A number of sales reps have come to me lately and asked how they win a deal when the prospect tells them, ”I don’t need to do SMS marketing because I am doing Twitter, and it has an SMS component to it.”
Twitter is an important communication channel that businesses need to adopt as a strategy, but it is vastly different from an SMS marketing strategy.
Let’s take a look at the two channels side by side and begin with the similarities:
- Limited Character Set: You need to be really good at making short, impactful statements. SMS allows 160 characters, while Twitter only allows 140. One could argue that you don’t even get 160 characters with SMS because of the standard ”best practices” footer you need to have for unsubscribe and help.
- Database Development: In both cases, you need to develop your database. In Twitter you get followers (i.e., Twitter handles), and with text message marketing you collect cell phone numbers.
- Mobile Reach: In both cases, messages can be received on-the-go.
- One-to-Many Broadcast: Both Twitter and SMS are one-to-many technologies that allow you to broadcast a message to a group of people. If you are not using a mobile service provider, you are limited as to how many text messages you can send thru your cell phone to your friends, and in Twitter’s case, you are going to reach anyone who follows you (hashtags and @replies aside).
- Link Sharing: Both channels are used to share links. URL shortening services like Bit.ly became popular on Twitter first; however, adoption rates for smart phones (which offer full HTML viewing) are quickly growing, giving link sharing traction over SMS.
Now let’s look at the channels side by side when it comes to marketing:
- Database Control: SMS marketing is similar to email marketing in that you get to control who is in your database. You can upload subscribers, have a registration form on your site, or send someone a message asking them to join your list. With SMS, you can even set up a keyword on a short code and ask people to text in (Example: text JOIN to 99158). This can be promoting on everything from billboards to TV commercials. However, with Twitter there is only one way to opt into someone’s Twitter account and that is to follow them. You cannot upload Twitter handles. You can ask people to follow you, but you have no control over your database.
- Usage of Twitter vs. SMS: Ninety-nine percent of cell phones in the U.S. now have SMS capabilities, and 78 percent of cell phone users are sending text messages. There are now over 280 million people in the U.S. with cell phones. SMS usage in the U.S. is growing at a staggering rate, with an estimated 1.36 trillion messages sent yearly. Compare that to Twitter, which is reported to have around 15 million users and only just sent its 10 billionth tweet a couple of weeks ago.

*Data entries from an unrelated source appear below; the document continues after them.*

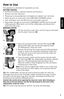 Page 55
How to Use
This appliance is intended for household use only.
GETTING ST\bRTED
• Remove all stickers, packing material and literature.
• Remove and save literature.
• Please go to www.prodprotect.com/applica to register your warranty.
• Wash all parts as instructed in the CARE AND CLEANING section.
• Pour cold water up to the Max fill line in the water reservoir.
• Brew water through as instructed in BREWING COFFEE, but do not add 
coffee grounds. When done, turn off the coffeemaker and discard the...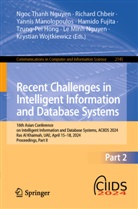 Richard Chbeir, Hamido Fujita, Tzung-Pei Hong, Yannis Manolopoulos, Yannis Manolopoulos et al, Le Minh Nguyen... - Recent Challenges in Intelligent Information and Database Systems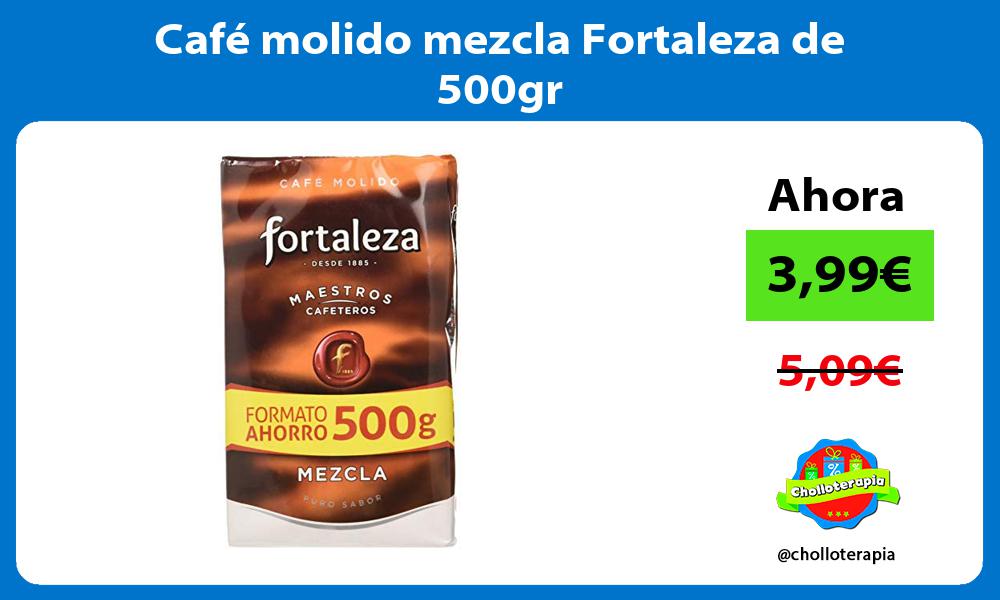 Café molido mezcla Fortaleza de 500gr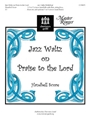 Jazz Waltz On Praise To The Lord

While Twitter is an important service that is getting a ton of media attention, it dwarfs in comparison to SMS usage and popularity.
- SMS with Twitter is Optional: SMS is an optional feature with Twitter. Most people who are following a lot of people do not have SMS messages sent to their phone as they want to avoid carrier fees that would bankrupt a small third world country.
- Targeting: With SMS, you can segment out your database and target a specific group of customers. With Twitter, any message you post will be read by anyone following you. The only kind of segmentation you can have is by having multiple Twitter accounts, but this is not a very scalable solution.
- Adoption: Purewire (operator of tweetgrade.com) came out with a report in June of 2009 which shows that 80 percent of Twitter accounts have fewer than 10 followers. Compare this to mobileStorm’s average SMS customer database size of over 1500. There are many Twitter users that have massive followings, but this is not the norm. It’s not easy to build a large following on Twitter. You need to devote loads of time to tweeting and trying to find people to follow you.
- Personalization: With Twitter, one message fits all. There is no way to tweet out a message that is personalized with everyone’s first name. When you send out a message on Twitter, everyone knows you are sending it to the world; it’s not personalized.
- Selling: People don’t want to be sold on Twitter. Asking for business over Twitter is a very fine line and somewhat of an art form. However, if someone opts into your mobile club, he expects that you are going to offer him incentives. He expects you to sell.
So the next time you think about choosing Twitter over an SMS marketing service because Twitter has SMS, think again. However, both channels are important to growing your business. I always tell my clients that no matter whether you are building a following on Twitter, growing a list of cell phone numbers, or gaining fans on Facebook, you need to be developing your database in as many channels as possible. People are unique, and the more ways you can communicate with them, the more you will have a leg up on the competition. Just remember, every channel comes with its own set of challenges, policies, and best practices. Partner with the right vendors to make your business stand above the rest.